Last week our team bought the new accelerometer from the vex store. After looking around on the forums and testing it, we encountered one problem. How do we take the value (Say 750) and convert that into velocity?
Well I’m assuming that simple physics should be able to solve your problem. I haven’t used an accelerometer so I’m not sure but here is some physics for you.
velocity=velocity_initial + accelerationtime
Turn the accelerometer 90 degrees towards the positive X direction (that is, tip it on its side).
Observe the X-axis reading from an online window. What you are measuring is exactly one G. You can assume the output is linear on these accelerometers.
One G is 9.8 meters/sec^2. That’s about 32 feet/sec^2.
Its not likely that you will see that high a reading from driving your robot around. So the number you observe is the denominator of the fraction you can use to calculate the robot’s acceleration.
Say for example the reading you see on your tip test is 800. If you later observe a reading on your robot of 200 that means 200/800 or 1/4G.
Multiplying the fraction 1/4 times 9.8 gives you about 2.5m/s^2. That is the acceleration of your robot at the time you made your measurement.
Hope this helps. Final tip, always make sure the accelerometer is mounted so that its perfectly level on the robot. If its not level then gravity will skew your readings.
Wouldn’t that depend on how quickly you rotated it? Maybe I’m just not understanding things right.

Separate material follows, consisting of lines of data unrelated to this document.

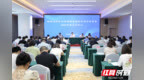 湖南：发挥标准引领作用 促进粮油产业高质量发展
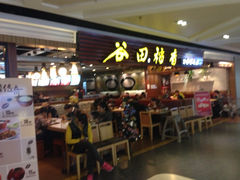 谷田稻香(曲阳路店)-谷田稻香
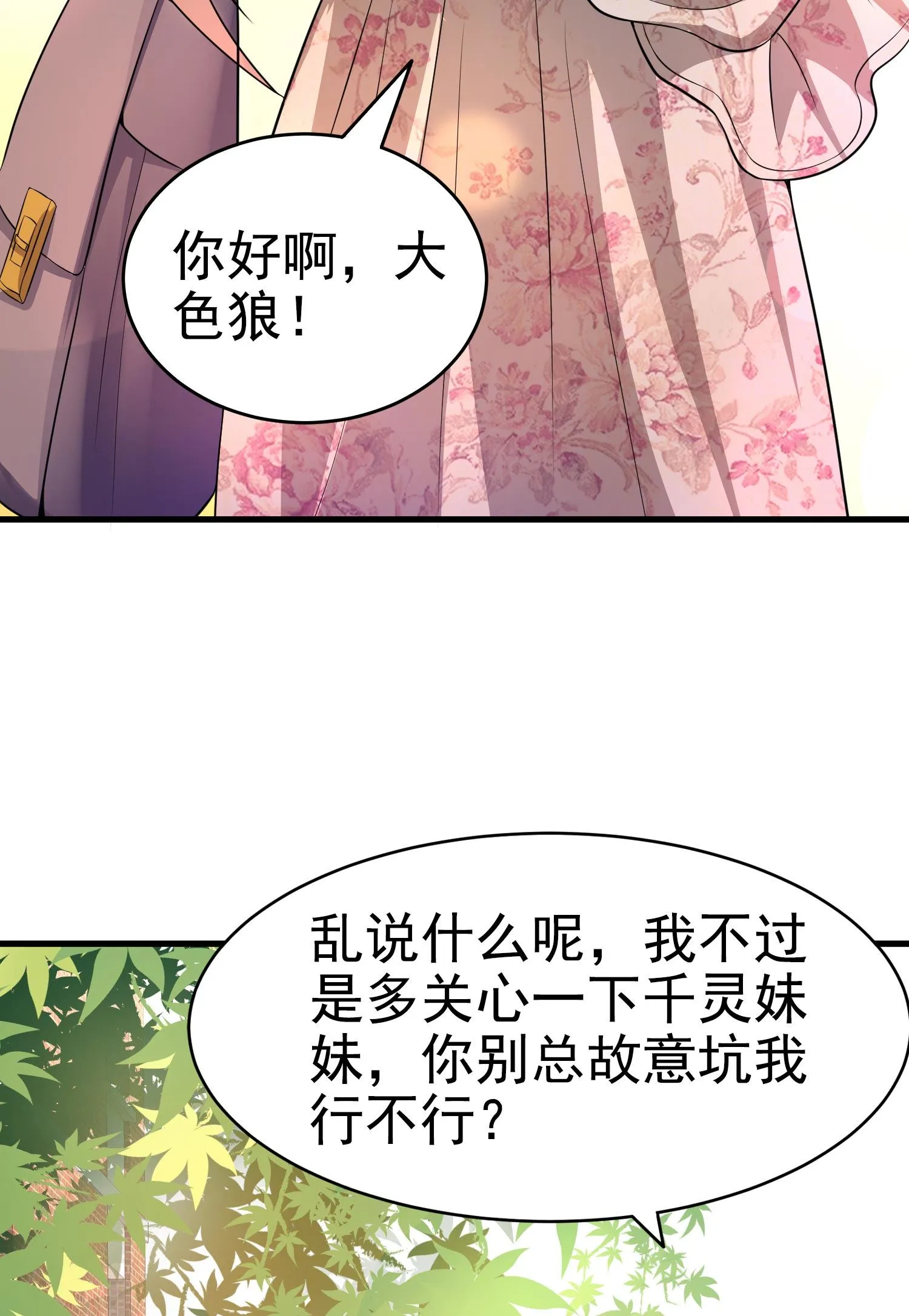 第10话 你还敢跟踪我？ 第6页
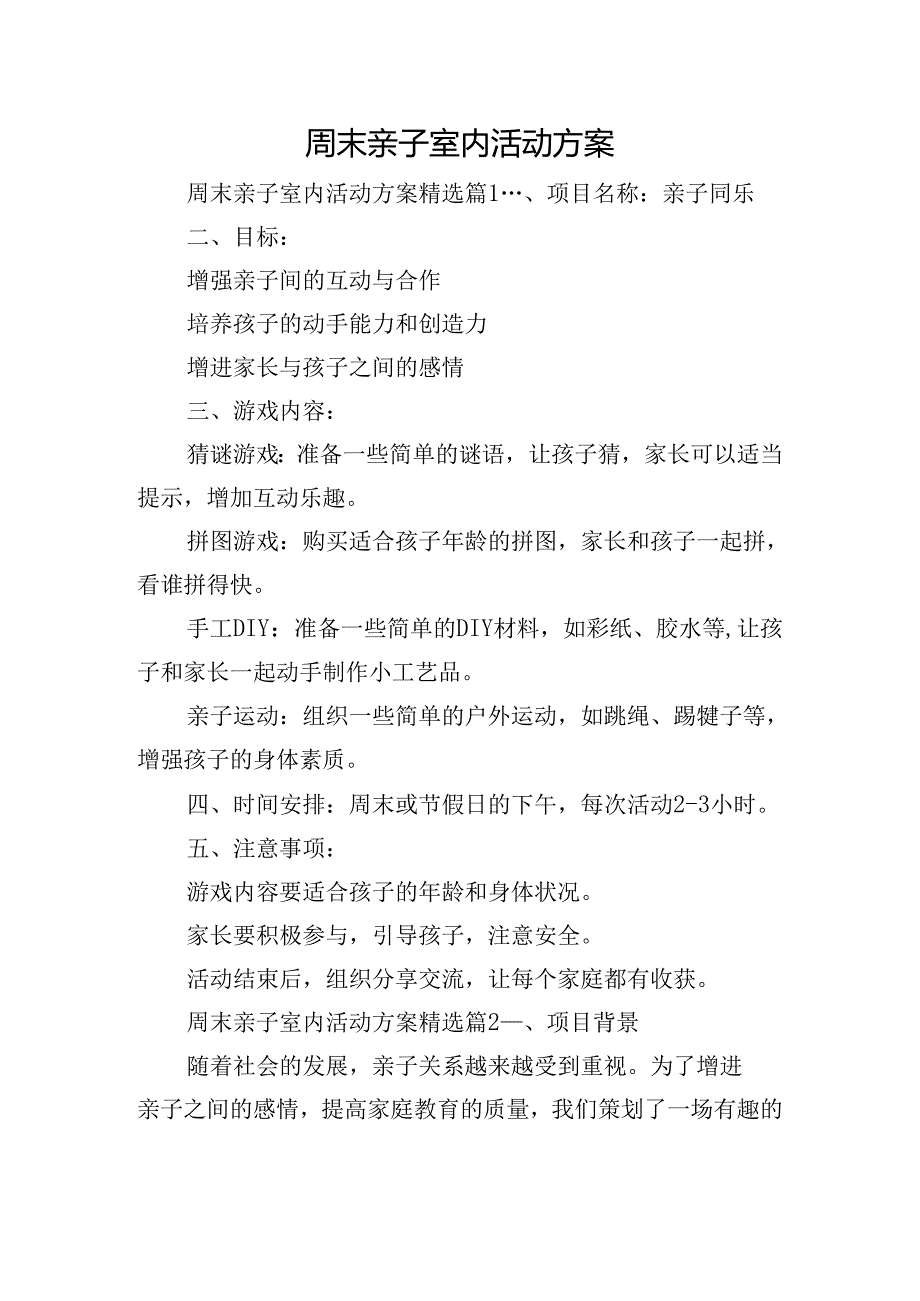 周末亲子室内活动方案.docx_第1页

It is a bit tricky to visualize, but the accelerometer measures linear acceleration along the three spatial dimensions. If you rotate the it around the exact point where the sensor element is inside the chip, then there will be no linear motion and so no acceleration will be measured measured. In this case, it won’t matter how quickly you rotate the sensor.
Rotating the accelerometer around a point that is not the same as the sensor element will generate two kinds of acceleration (tangential and radial):
*]There will be acceleration measured along a tangent to the sensor’s path that tracks the sensor’s angular acceleration. In this case, the sensor is actually measuring the linear acceleration along the circumference of the arc.
*]There will also be acceleration measured radially (along the line from the center of the arc to the center of the sensor) that tracks the sensor’s angular speed. This is acceleration due to centrifugal force, and is the reason the string stays taut if you swing a ball on a string around over your head.
The further from the center of rotation the sensor is, and the faster you rotate it, the stronger these accelerations will be.
Rather than getting bogged down in all the geometry terms, I recommend experimenting the the accelerometer. Just mount it on a piece of Vex metal and move it around while watching the values in the On-line Window. You’ll pretty quickly get a feel for how it responds to various movements. Once you’ve done that, the math will be easier to see.
Hope that helped a bit,
Rest assured: if an accelerometer is tiped on it side so that its making a right angle with the Earth, and it is at rest, the axis facing down will measure exactly 1 G. In fact that is pretty much the definition of 1 G.
I think the difficulty is this. It may be surprising to realize that even when things are motionless on Earth, gravity is still causing an acceleration on them. It is rather counter-intuitive, and we humans have really only been aware of that fact for about 100 years now. Prior to that, it had been assumed that gravity was some kind of attractive force between all matter. The problem was that a force requires a field to work (like a magnetic field) and nobody could ever detect such a field.
Then a physicist pointed out that if you were in a widowless box on the surface of the Earth or in that same box out in space accelerating at 9.8m/s^2 there would be no way for you (inside the box) to be able to tell the difference. So to a local observer, gravity and acceleration are the same. Its since been confirmed many times and NASA even built a satellite that measured a strange consequence of that theory called frame dragging. It all seems to have checked out so far.
Yeah, the physicist was Albert and his relativity. He taught us that gravity causes acceleration to objects even when they are at rest. Just tip your accelerometer on its side and you can prove it to yourself. And I think he would have loved VEX if had been around during his lifetime!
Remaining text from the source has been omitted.